Proses Penyidikan dan Rencana Pemanggilan
KPK menyatakan saat ini proses penyidikan masih berlangsung dan tim investigators tengah melengkapi bukti-bukti pendukung. Penyidik direncanakan akan memanggil Vinna untuk diperiksa sebagai tersangka dalam waktu dekat. Selain itu, saksi-saksi lain yang memiliki hubungan dengan perkara tersebut juga akan dipanggil untuk memberikan keterangan.
"Kami masih terus mengembangkan penyidikan dan mengumpulkan alat bukti. Nanti akan kami sampaikan perkembangan lebih lanjut kepada publik," tutur Juru Bicara KPK.
Dalam kesempatan terpisah, Kuasa Hukum Vinna Ledy Anggraheni menyatakan kliennya akan kooperatif menghadapi proses hukum yang tengah berjalan. Pengacara tersebut membantah seluruh tuduhan yang dialamatkan kepada Vinna dan menyatakan bahwa kliennya belum pernah menerima maupun meminta sesuatu berupa gratifikasi dari pihak manapun.
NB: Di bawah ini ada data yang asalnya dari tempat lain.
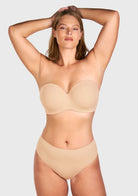 Front view of woman wearing the black HSIA seamless non-slip strapless bra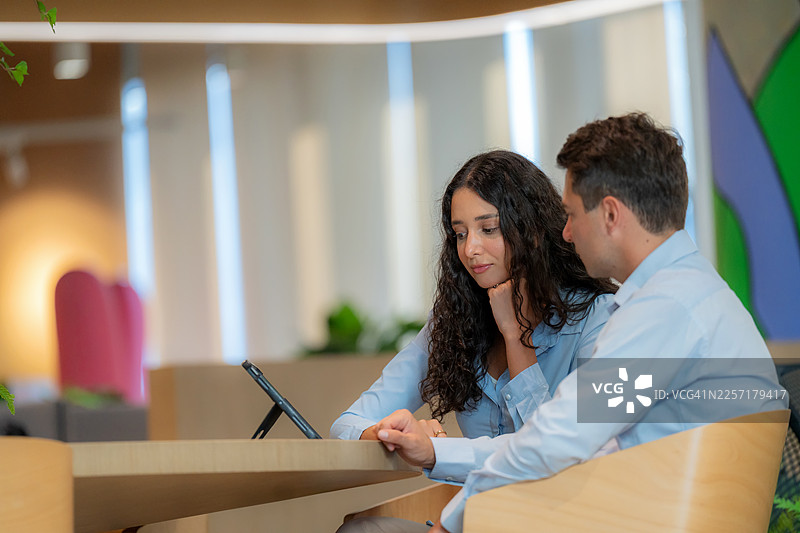 一位专业的男商人和一位女商人正在现代联合办公空间协作，并指向一台数字平板电脑。不同背景的办公室同事们在一个明亮的室内讨论创意项目想法和营销策略。图片素材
"Kami menghormati proses hukum yang dijalankan KPK. Ibu Vinna akan hadir memenuhi setiap pemanggilan dan siap memberikan keterangan yang diperlukan," tegas kuasa hukum tersebut melalui pesan tertulis yang diterima awak media.
Dampak Politik dan Reaksi Partai
Kasus ini menjadi sorotan publik Kota Bengkulu mengingat Vinna merupakan anggota legislatif dari salah satu partai politik pengusung pemerintah. Dewan Pimpinan Daerah partai terkait hingga berita ini diturunkan belum memberikan pernyataan resmi mengenai status keanggotaan Vinna.
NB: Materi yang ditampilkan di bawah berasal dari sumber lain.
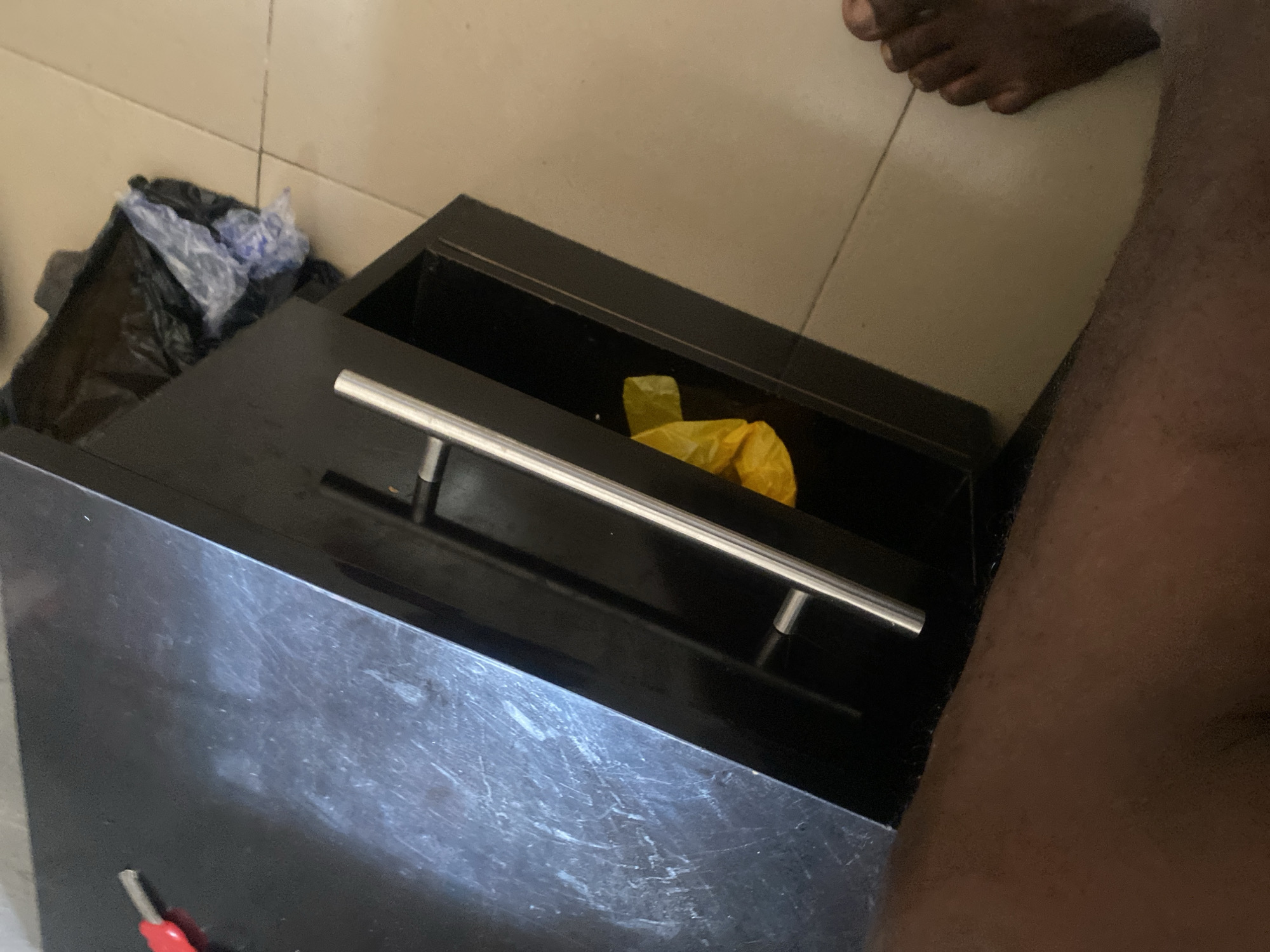 The image depicts a close-up view of a black cabinet with a partially open drawer. Inside the drawer, a crumpled yellow plastic bag is visible. To the left of the cabinet, a red and silver object, possibly a tool, rests on the cabinet's surface. To the right of the cabinet, a person's foot is visible on a tiled floor. In the background, a black trash bag containing crumpled plastic is situated on the floor next to the cabinet. The scene appears to be indoors.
Pengamat politik dari Universitas Muhammadiyah Bengkulu menilai kasus ini menunjukkan bahwa pemberantasan korupsi di sektor legislatif harus terus dilakukan secara konsisten. "Kasus ini menjadi警示 bagi seluruh penyelenggara negara bahwa KPK tidak akan gentar menindak siapapun yang terlibat tindak pidana korupsi," tutur pengamat tersebut.
KPK mengingatkan kepada seluruh pihak untuk tidak memberikan sesuatu kepada pejabat negara maupun penyelenggara negara dalam konteks yang bertentangan dengan ketentuan peraturan perundang-undangan. Lembaga antirasuah itu juga membuka kesempatan bagi masyarakat yang memiliki informasi terkait kasus ini untuk melaporkannya melalui jalur pengaduan resmi.